» **About this exercise**: Every line in the records below with the string "from" is to be copied out.

» **Source material**:
===============
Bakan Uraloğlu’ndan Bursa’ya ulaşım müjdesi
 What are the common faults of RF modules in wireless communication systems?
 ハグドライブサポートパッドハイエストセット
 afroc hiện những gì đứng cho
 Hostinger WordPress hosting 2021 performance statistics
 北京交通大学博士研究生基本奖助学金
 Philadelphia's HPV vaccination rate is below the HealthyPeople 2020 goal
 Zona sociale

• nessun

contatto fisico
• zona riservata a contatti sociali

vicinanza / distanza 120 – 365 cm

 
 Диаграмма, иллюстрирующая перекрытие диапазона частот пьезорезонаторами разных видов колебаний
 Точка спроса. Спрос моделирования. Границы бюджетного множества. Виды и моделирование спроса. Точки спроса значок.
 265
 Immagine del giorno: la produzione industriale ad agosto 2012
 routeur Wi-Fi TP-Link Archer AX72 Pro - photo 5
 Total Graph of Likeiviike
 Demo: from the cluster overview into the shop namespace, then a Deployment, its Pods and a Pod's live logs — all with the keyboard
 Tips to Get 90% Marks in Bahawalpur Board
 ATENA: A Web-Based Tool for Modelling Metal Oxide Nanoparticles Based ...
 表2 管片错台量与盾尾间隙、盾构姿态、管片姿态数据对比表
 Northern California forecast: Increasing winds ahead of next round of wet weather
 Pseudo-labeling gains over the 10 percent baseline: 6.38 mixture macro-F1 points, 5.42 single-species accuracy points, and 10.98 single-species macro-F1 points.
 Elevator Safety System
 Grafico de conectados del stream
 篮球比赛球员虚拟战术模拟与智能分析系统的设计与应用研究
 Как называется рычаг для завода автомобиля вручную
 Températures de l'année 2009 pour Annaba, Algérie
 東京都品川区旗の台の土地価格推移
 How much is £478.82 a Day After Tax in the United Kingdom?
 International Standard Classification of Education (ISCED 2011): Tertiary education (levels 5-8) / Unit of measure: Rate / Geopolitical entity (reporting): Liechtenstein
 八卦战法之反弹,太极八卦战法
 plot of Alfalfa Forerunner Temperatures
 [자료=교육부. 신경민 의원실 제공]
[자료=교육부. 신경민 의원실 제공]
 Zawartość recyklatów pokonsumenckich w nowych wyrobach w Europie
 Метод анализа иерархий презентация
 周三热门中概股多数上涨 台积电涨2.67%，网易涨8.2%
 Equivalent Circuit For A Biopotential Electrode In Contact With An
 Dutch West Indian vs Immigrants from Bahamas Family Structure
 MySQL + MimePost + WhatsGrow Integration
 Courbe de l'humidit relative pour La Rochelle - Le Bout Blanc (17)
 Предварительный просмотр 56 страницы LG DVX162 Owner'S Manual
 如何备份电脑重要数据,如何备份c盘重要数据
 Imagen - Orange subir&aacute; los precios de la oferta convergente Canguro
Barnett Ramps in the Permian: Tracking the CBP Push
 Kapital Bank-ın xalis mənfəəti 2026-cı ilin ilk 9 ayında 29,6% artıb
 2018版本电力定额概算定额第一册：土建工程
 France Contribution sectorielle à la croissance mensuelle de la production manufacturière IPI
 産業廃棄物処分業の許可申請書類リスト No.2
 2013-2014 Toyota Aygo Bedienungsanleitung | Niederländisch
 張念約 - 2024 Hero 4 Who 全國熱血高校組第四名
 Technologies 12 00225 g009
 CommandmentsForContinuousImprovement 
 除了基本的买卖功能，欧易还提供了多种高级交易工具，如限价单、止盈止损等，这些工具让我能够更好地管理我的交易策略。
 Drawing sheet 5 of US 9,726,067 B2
===============
» **Solution for this problem**:
 Demo: from the cluster overview into the shop namespace, then a Deployment, its Pods and a Pod's live logs — all with the keyboard
 Dutch West Indian vs Immigrants from Bahamas Family Structure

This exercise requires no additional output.